Clients
Liminal
Description
This project was built for a client who needed a better way to visualize the relationship between products, requirements, and capabilities. Initially, their importance levels (low, medium, high) were represented with plain text (L/M/H). While technically sufficient, this made the visualisation harder to read. I redesigned the approach by creating a matrix visualisation with products on one axis and hierarchical requirements and capabilities on the other. At first, I considered using circle size to indicate importance, but quickly saw that size is difficult to compare accurately when many symbols are close together. Together with the creative director, I developed a set of iconic encodings: High importance as a filled circle, Medium importance as a ring with a smaller dot inside, Low importance as an empty ring.

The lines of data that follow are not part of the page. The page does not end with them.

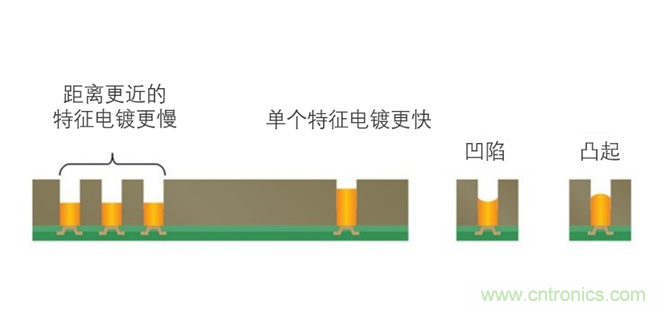 用于扇出型晶圓級(jí)封裝的銅電沉積 用于扇出型晶圓級(jí)封裝的銅電沉積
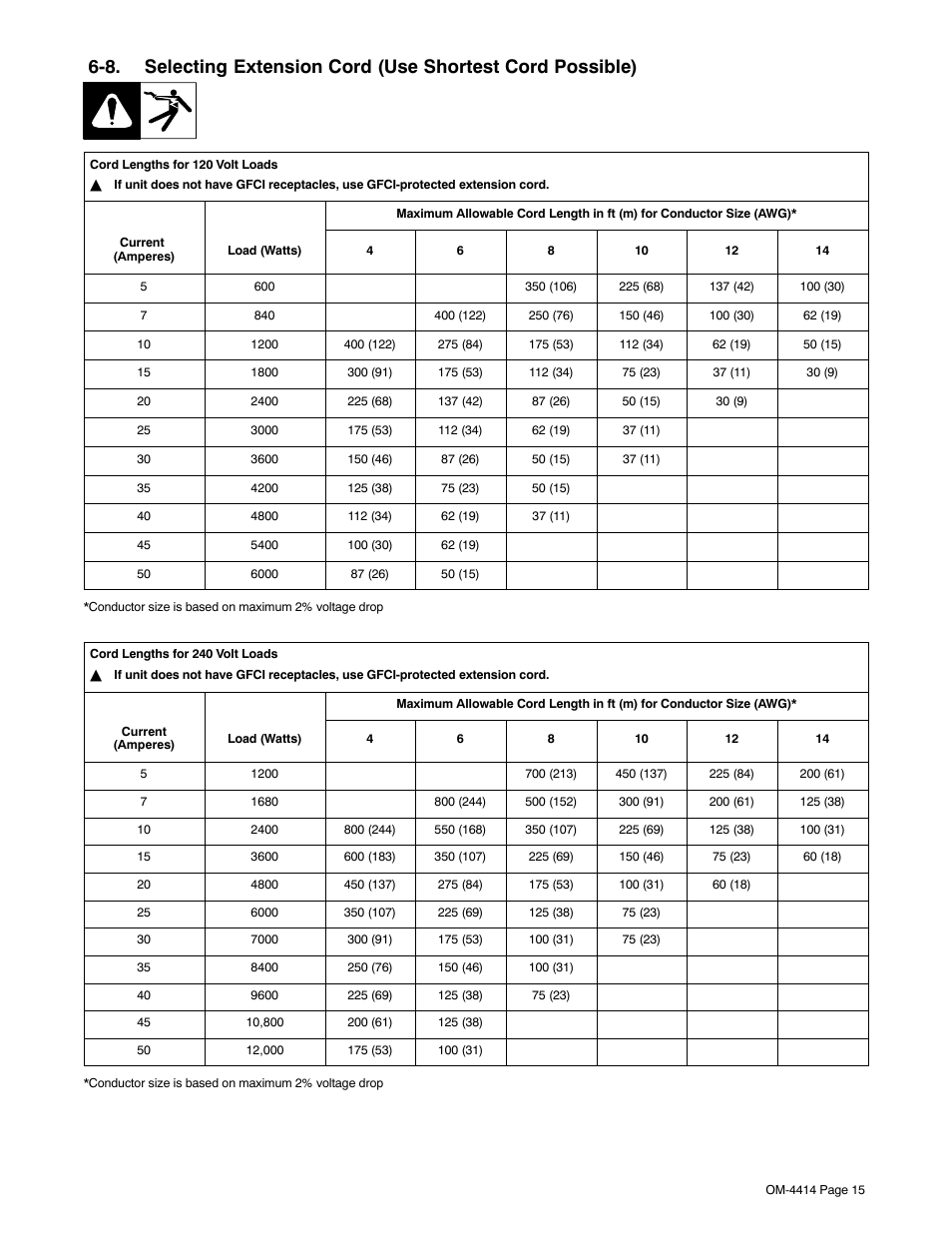 Miller Electric Belt/Hydraulic-Driven Generator User Manual | Page 17 / 24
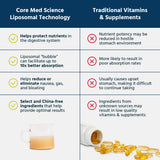 Aroma cítrico de Core Med Science Glutatión liposomado al abrir.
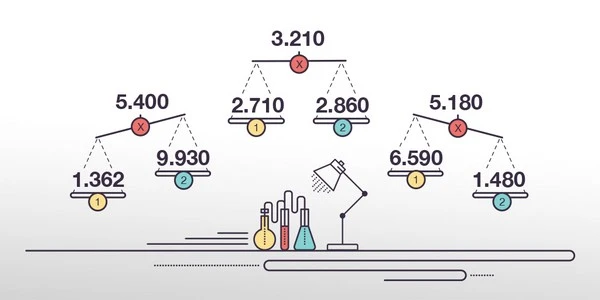 Soccer Betting Success: Deciphering the Impact of Team Dynamics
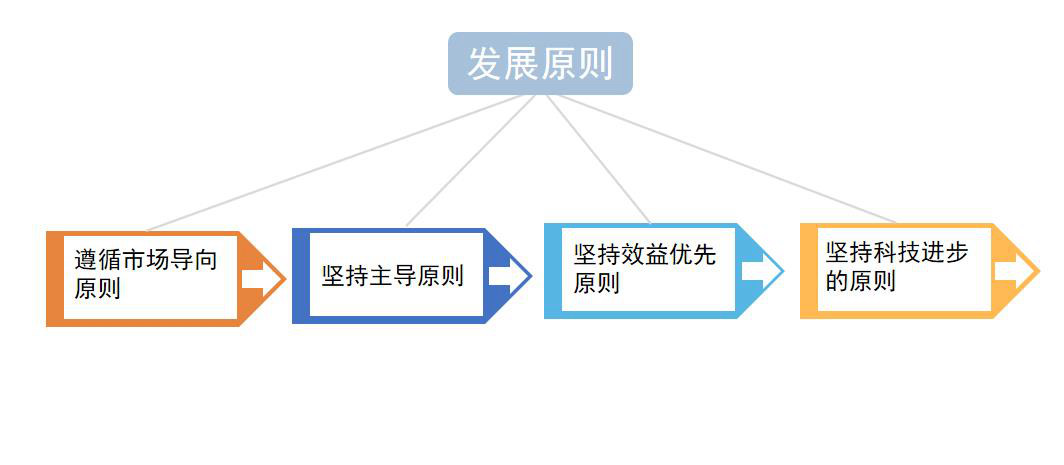 养殖行业怎么选ERP软件（养殖企业管理系统哪个好用？）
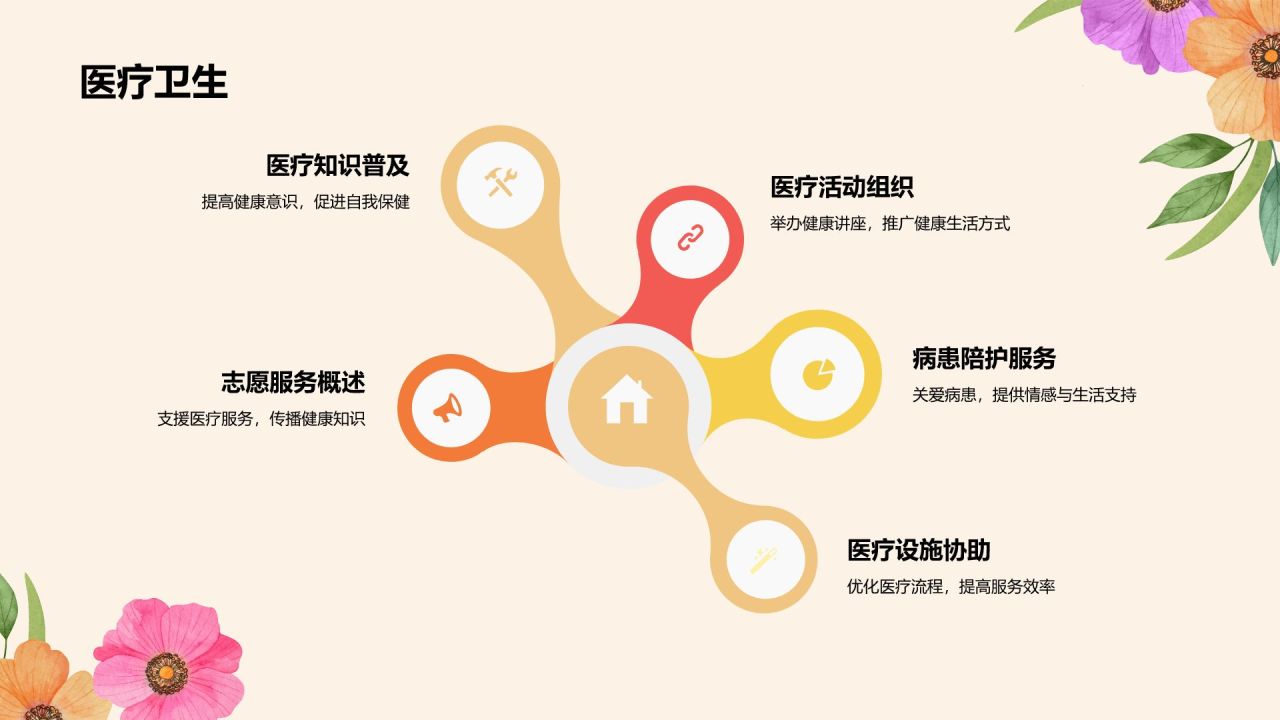 橙色商务风志愿者PPT模板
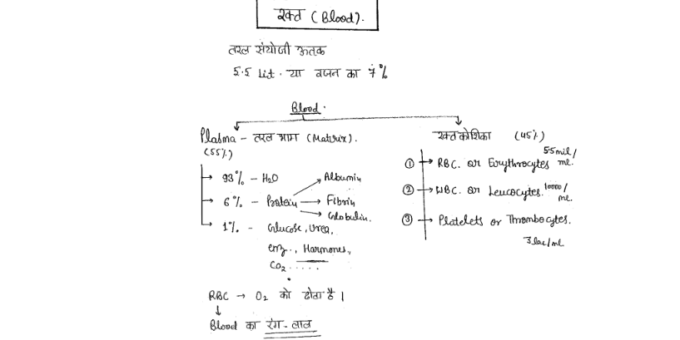 UPPSC Complete General Science handwritten notes in Hindi pdf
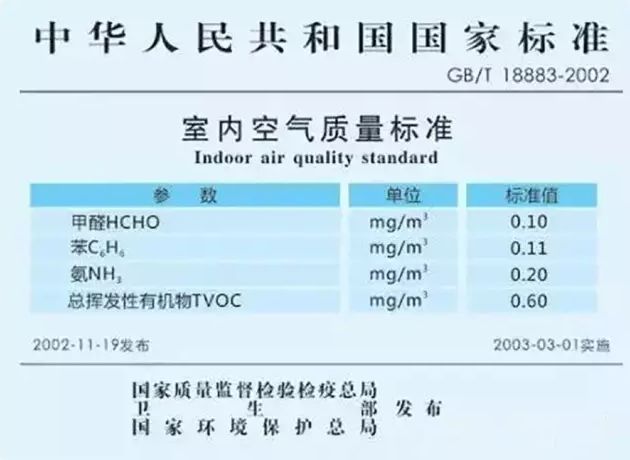 杭州甲醛檢測：室內(nèi)甲醛0.12算超標(biāo)準(zhǔn)比較嚴(yán)重嗎？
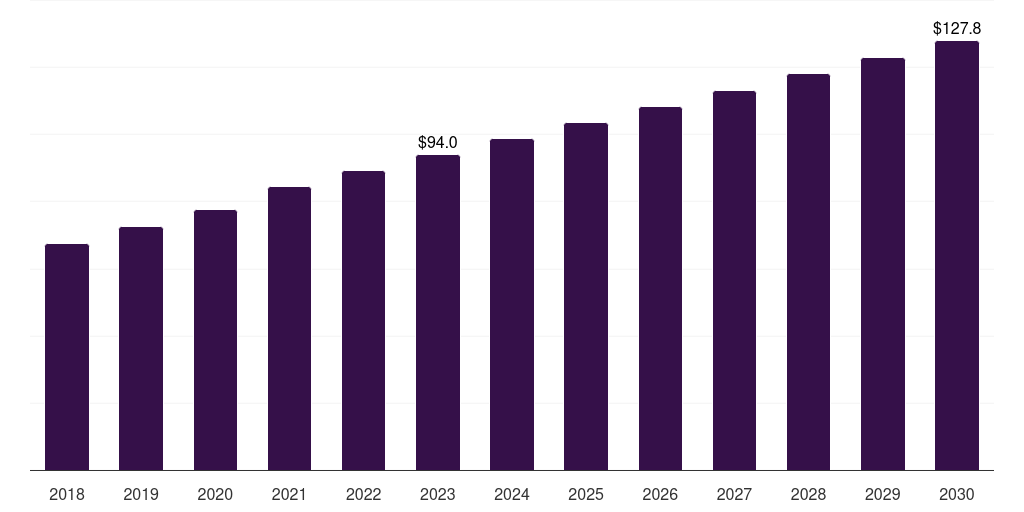 Saudi Arabia fill-finish pharmaceutical contract manufacturing market, 2018-2030 (US$M)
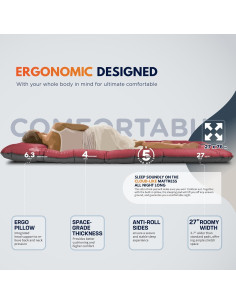 Almohadilla de Camping Inflable ZOOOBELIVES Airlite1901 12.7cm 2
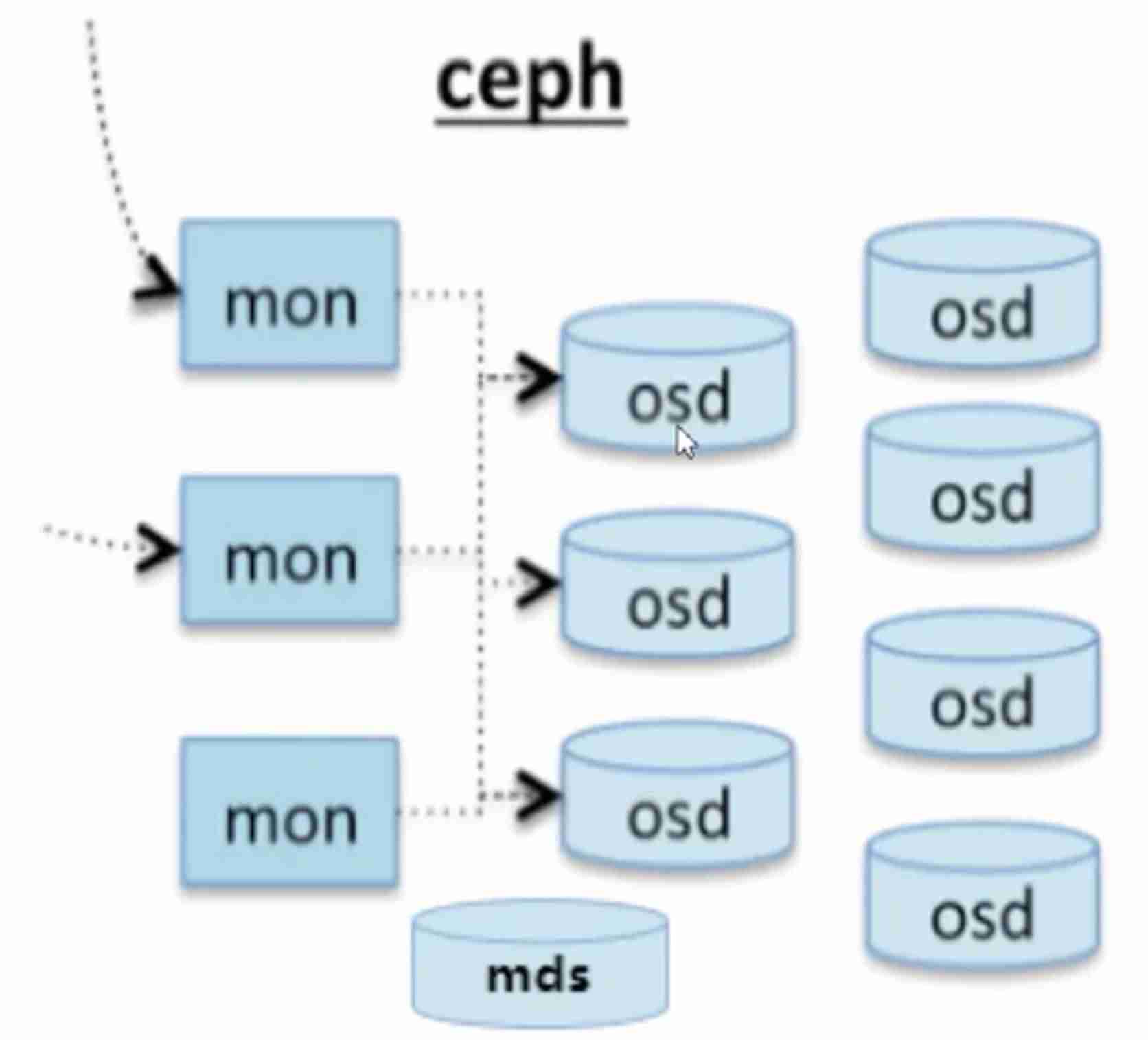 ceph分布式存储优缺点(ceph分布式存储搭建)-第2张图片 ceph分布式存储优缺点(ceph分布式存储搭建)-第2张图片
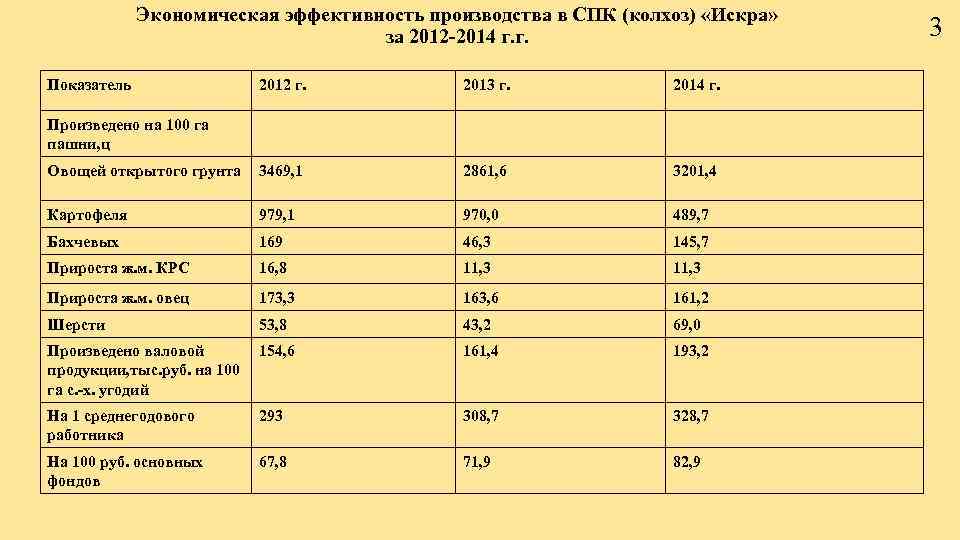 Экономическая эффективность производства в СПК (колхоз) «Искра» за 2012 -2014 г. г. Показатель 2012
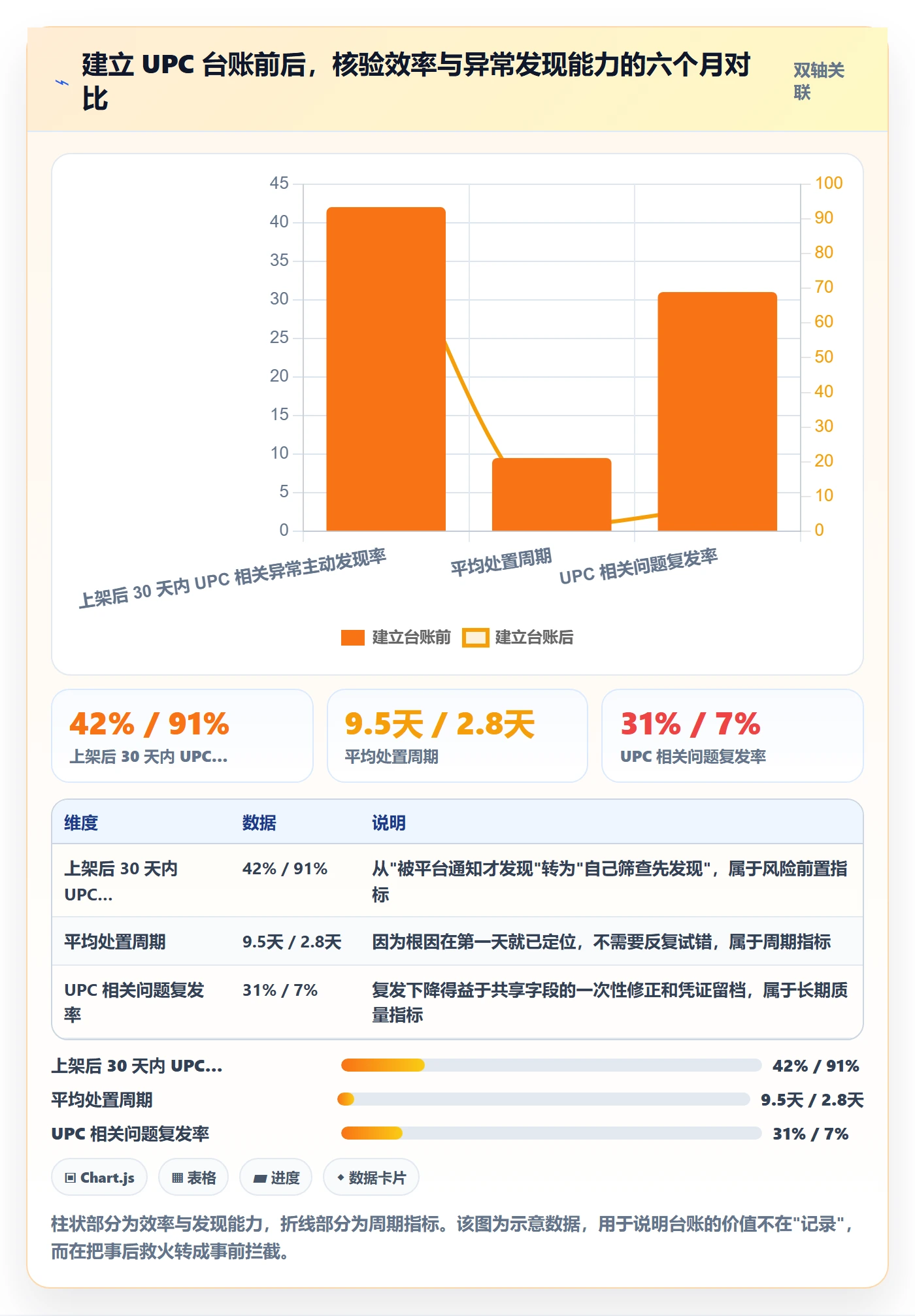 UPC码问题诊断:平台审核如何用入门指南改进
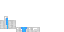 Texture for Tail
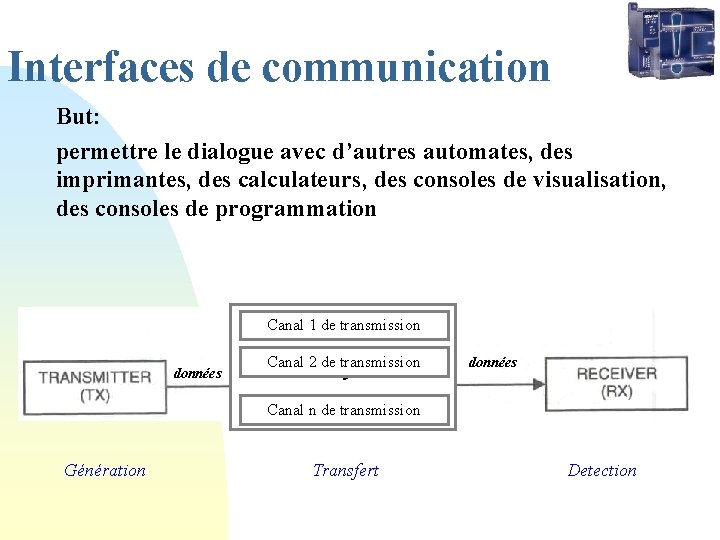 Interfaces de communication But: permettre le dialogue avec d’autres automates, des imprimantes, des calculateurs,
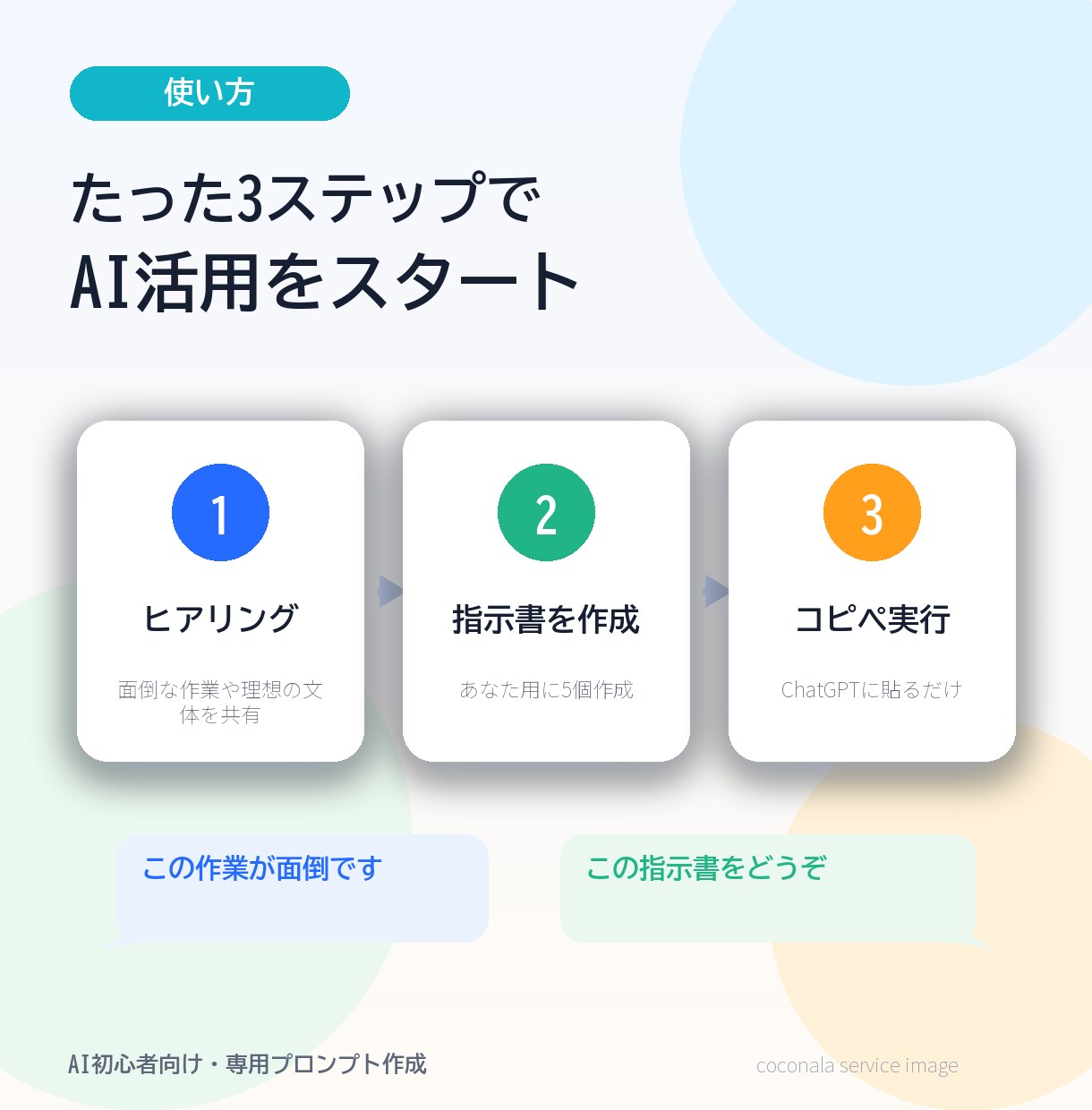 面倒な作業を半自動化！専用のAI指示書を作ります 毎日1時間の作業を5分に！AI初心者向け専用指示書を作成 イメージ4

This design made the ordinal scale immediately intuitive, with filled forms drawing more attention than outlines. The technical implementation integrated D3.js with React. React managed the state, search, and interface logic, while D3 handled scales, layout, and rendering. I also added rich interactivity—tooltips, highlighting, search, and click actions—ensuring that users could navigate both large and small use cases effectively.
Impact
The final visualisation became a core tool for the client, allowing them to easily compare how products fulfilled different requirements and capabilities. By transforming importance scores into intuitive icons and providing rich interactivity, the tool greatly improved usability and helped internal teams make better comparisons.
Year
2025
Tools
d3.js, react
Challenge
One of the hardest challenges was scaling the visualisation across very different dataset sizes. For small cases, the matrix could feel empty; for large cases, it risked becoming overwhelming. Another recurring issue was text handling. Requirement labels varied in length, so I had to implement dynamic layouts that adapted gracefully. Finally, creating many layers of interactivity—tooltips, highlights, clicks—while keeping the code clean and avoiding conflicts required careful planning.
Learning
This project taught me how to design visual encodings that align with perception. By replacing letters with symbolic encodings, I saw how quickly users grasp ordinal meaning. I also learned how to integrate D3 with React in a robust way, ensuring that the visualisation was both dynamic and maintainable. Working with a creative director gave me new perspectives on UX design and the subtleties of crafting interfaces that are both functional and visually engaging. Finally, building a scalable visualisation that worked equally well for datasets with just a few products or dozens was a valuable exercise in layout and design flexibility.
Topics
Matrix visualisation, icon design, React, d3.js, tooltips, Search bar, Highlighting, Sorting, Animation

Use Case Explorer
An interactive matrix visualisation mapping products to requirements and capabilities, redesigned with intuitive visual symbols and implemented with D3.js integrated into React.